Training & Development

Quint Column: It’s not bragging, it’s managing up

Quint Studer.

Every company wants its customers to feel that the person taking care of them is qualified. They want the product to meet the customer’s needs and the company to stand behind its product.

The skill of telling a customer that your employees, co-workers and company are up to task on these things is often called “managing up.”

This means an employee positions themselves, their product and their company well. Too often when an employee hears they need to let the customer know how skilled they are, they balk in fear of coming off as a bragger or a self-promoter.

This is even more confusing now in the era of social media. Celebrities and many politicians often self-promote to a consistent extreme. That kind of self-promotion can cause people who are already uncomfortable talking about themselves to double down on their reluctance to discuss their own skills, their products, their company’s good qualities and the talents of their co-workers.

But when it comes to taking care of a customer, promoting this way can be great customer service. Why? It helps the customer feel more comfort overall, because they feel they are in the hands of a knowledgeable employee who is knows the product well. They feel the product will meet their needs and that the company can be trusted.

If the art of managing up is not explained well, an employee may feel uncomfortable doing it.

I recently spoke to a large group of real estate brokerage owners at a conference led by Navy Federal Credit Union. These were real estate professionals who have earned to opportunity to serve the thousands of members of Navy Federal. In this endeavor, the first contact a member will have is with a call center. The call center professional will then match the caller to an agent they feel will best meet their needs.

The better the call center explains why that agency was selected, the more likely that person is to follow through.

We’re going to connect you with broker Mike Smith. You’ll be happy to know Mike has more than 25 years of experience handling your type of transaction in your particular market and is excellent at guiding you through the process. He’s the area leader in this type of transaction and has won 12 regional awards for his success and his service.”

If the call center contact merely said “We’ll connect you with Mike Smith,” would the impact be the same?

That is the kind of promotion that can move the needle and set you and your company up for success. Here are some tips to have employees manage up without having them see it as bragging:

— Don’t be shy sharing your knowledge and skill set. It is not bragging. It reduces customer anxiety and builds trust.

— Share key facts about the product. This creates a sense of comfort that the product is the right one.

— Explain why the company is a good one. This helps the customer have more confidence in their purchase. Share the mission or history of the company. It builds the notion that “I can trust them.”

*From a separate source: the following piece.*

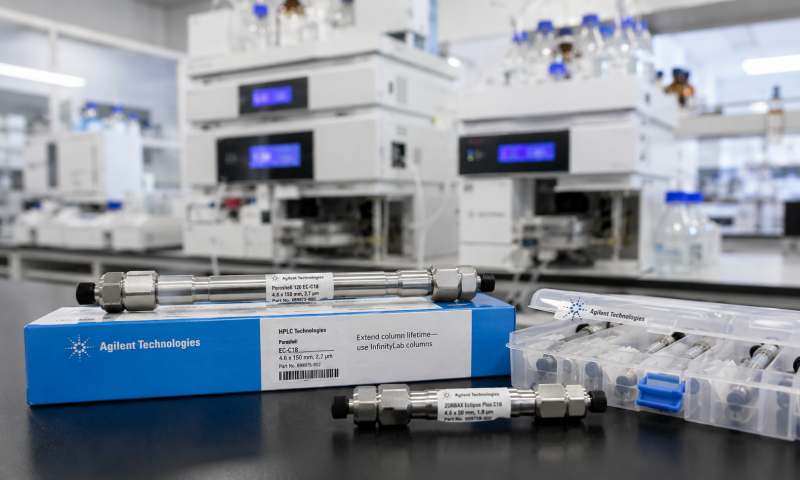 Differences Between Deuterium Lamps and Xenon Lamps and How to Replace the Agilent 1200 Deuterium Lamp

— If you need to hand a customer over to someone else, share that person’s skills and knowledge. This will take the customer from feeling dropped to grateful to get them to the right person. For example, an attorney can explain that while they can be helpful, there is another attorney with great expertise in this area.

The more you can do to position yourself, your products, your company and the co-workers well, the better the customer feels. The better the customer word-of-mouth is, the better the company will do.

It can be effective outside of work, also. Let people know the positive aspects of your neighborhood and community. After all, you choose to live there. This attracts more people, leads to more tax revenues, which can be spent on better education, safety and infrastructure.

Everyone wins.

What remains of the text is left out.